No it was started by the Hebrews that wrote the Bible. They never see a "fallen angel" in this passage. Jesus never saw a fallen angel in this passage. Roman Christians hundreds of years later were the first to see a "fallen angel" in this passage.
I thought Christians would be more familiar with Judaism and the Old Testament. After all, Jesus was a Jew and he acknowledged the Torah, but could say nothing about a "New Testament" written by confused pagan converts.
To the Jews, Satan is the prosecuting attorney against mankind in Yahweh's heavenly court, and His henchman to punish mankind when required. That's all the Bible says about him. Nor do they connect him with the serpent in the Garden of Eden, though ancient Jewish Texts do acknowledge him as a human devouring serpent-dragon, and therfore one of the Seraphim, as this word means in Hebrew.
"Satan's destruction" is stolen almost verbatim from much older Pagan Zoroastrian mytholgy. The dragon is defeated, bound by an angel, cast into the abyss, escapes and it thrown into the fire. John just changed the name of the angel and dragon.

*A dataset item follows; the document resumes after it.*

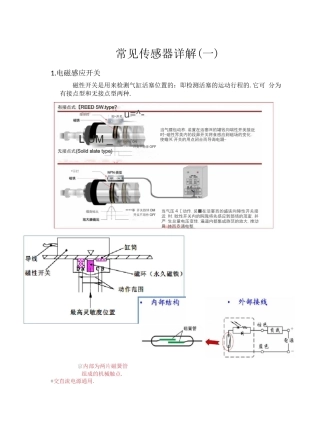 常见传感器详解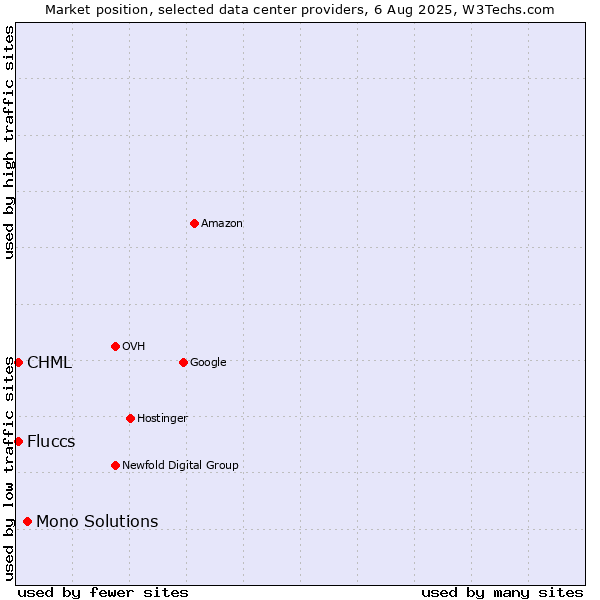 Market position of Mono Solutions vs. CHML vs. Fluccs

I would think that God would be displeased that pagan-minded Christians have wrote a new Bible that contradicts the Holy Torah, and states that God was so weak and stupid that he allowed his assistant Satan (who is obedient in the Holy Torah endorsed by Jesus), to succesfully revolt with a third of the angels, and casue so much misery on the earth for thousands of years. Maybe this is why Jesus did not come back when John said he would, in his generation. After all, the book of Revelation was stolen from a pagan religion that plainly stated as well that the God of the Jews was an evil dragon and brother to the dragon Ahura Mazda fought in the myth stolen by John and added to the book of Revelation - what you call "Satan's Destruction".
And this is why Christianity needed to invent a Lucifer. Because their new mythology based on a Zoroastrian legend needed proof that the obedient Satan rebelled against God. Ask yourself why the Jews who understand Hebrew fluently never discovered a "Fallen Angel" named Lucifer in their Bible?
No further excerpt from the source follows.